Foo Fighters Fenway Park Night One Concert Review and Photos By Micah Gummel
Mission from Burma show photos HERE
Mighty Mighty Bosstones show photos HERE
Foo Fighters show photos HERE
Foo Fighters “Broken Leg Tour” at Fenway Park
This past weekend I had the opportunity to photograph one of my bucket list bands: the Foo Fighters. This was only one month after frontman Dave Grohl broke his leg at a Gothenburg, Sweden show (requiring 6 screws to hold it together), and cancelling European shows in the aftermath. Dave is back on the road in North America with the band’s 20th-anniversary tour now dubbed the “Broken Leg Tour”. Dave is in a cast and performs sitting on an impressive throne, a kind of stage-within-a-stage. He designed it himself while in the hospital in London for fibula surgery. The apparatus was equal parts pop art and Mad Max. Sporting six guitar necks sticking out like wings from either side of the rolling seat, the throne rolled out several times onto the stage’s catwalk, placing Dave over 10 yards ahead of the rest of the six-piece band. At the back of the black leather seat is a large round ring with stage lighting attached to it, filled red grating with a silver “FF” logo in the center. “I may be in this chair but I’m not going to let it slow me down tonight,” said Grohl at Boston’s Fenway Park.

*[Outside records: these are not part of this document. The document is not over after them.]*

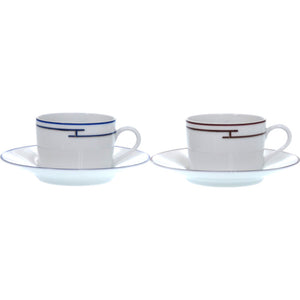 未使用品 エルメス カップ&ソーサー リズム 2個セット 食器 陶器 ブルー レッド 赤青 0506【中古】HERMES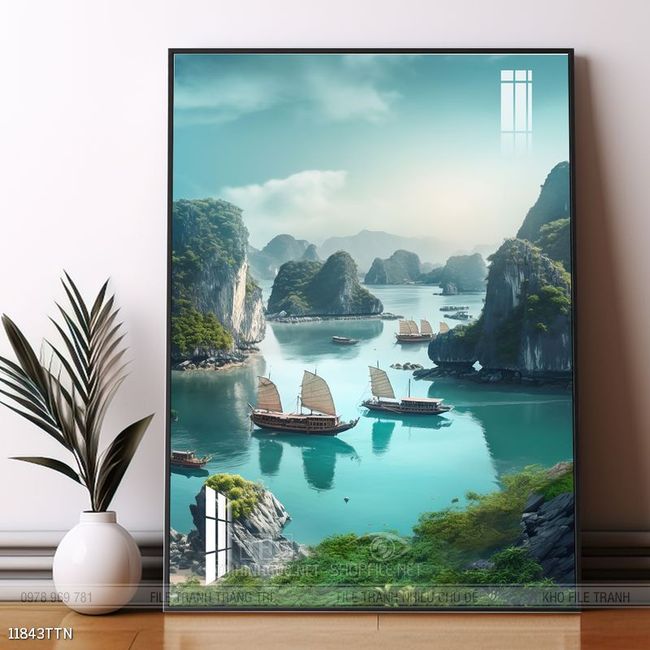 Tranh phong thủy phong cảnh thác nước thiên nhiên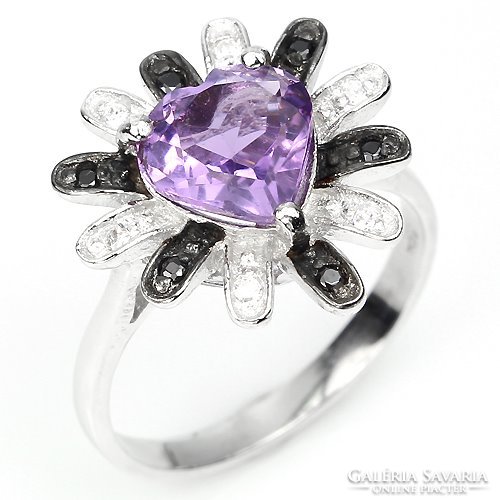 54 And genuine Brazilian amethyst and black white zircon 925 silver ring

This is why I love the Foo Fighters: they are a true to form American Rock n Roll band! Some musicians fall off a stage, break their leg, cancel the rest of their upcoming concerts, and hole up in a hospital somewhere, ruining the day they didn’t look before unintentionally leaping. But the heroes opt to grab a pad of paper before the cast plaster is dry, and design an outlandish, carnival-ride-on-steroids contraption that’ll serve as a chair to sit on and elevate the injured limb as they perform. While Dave was on mandatory bed rest, the Foo Fighters road crew took the sketches and made them come to life all with the intent to keep the show going, canceling as few gigs as possible while splintered bones heal. American ingenuity and team work – now that is Rock & Roll!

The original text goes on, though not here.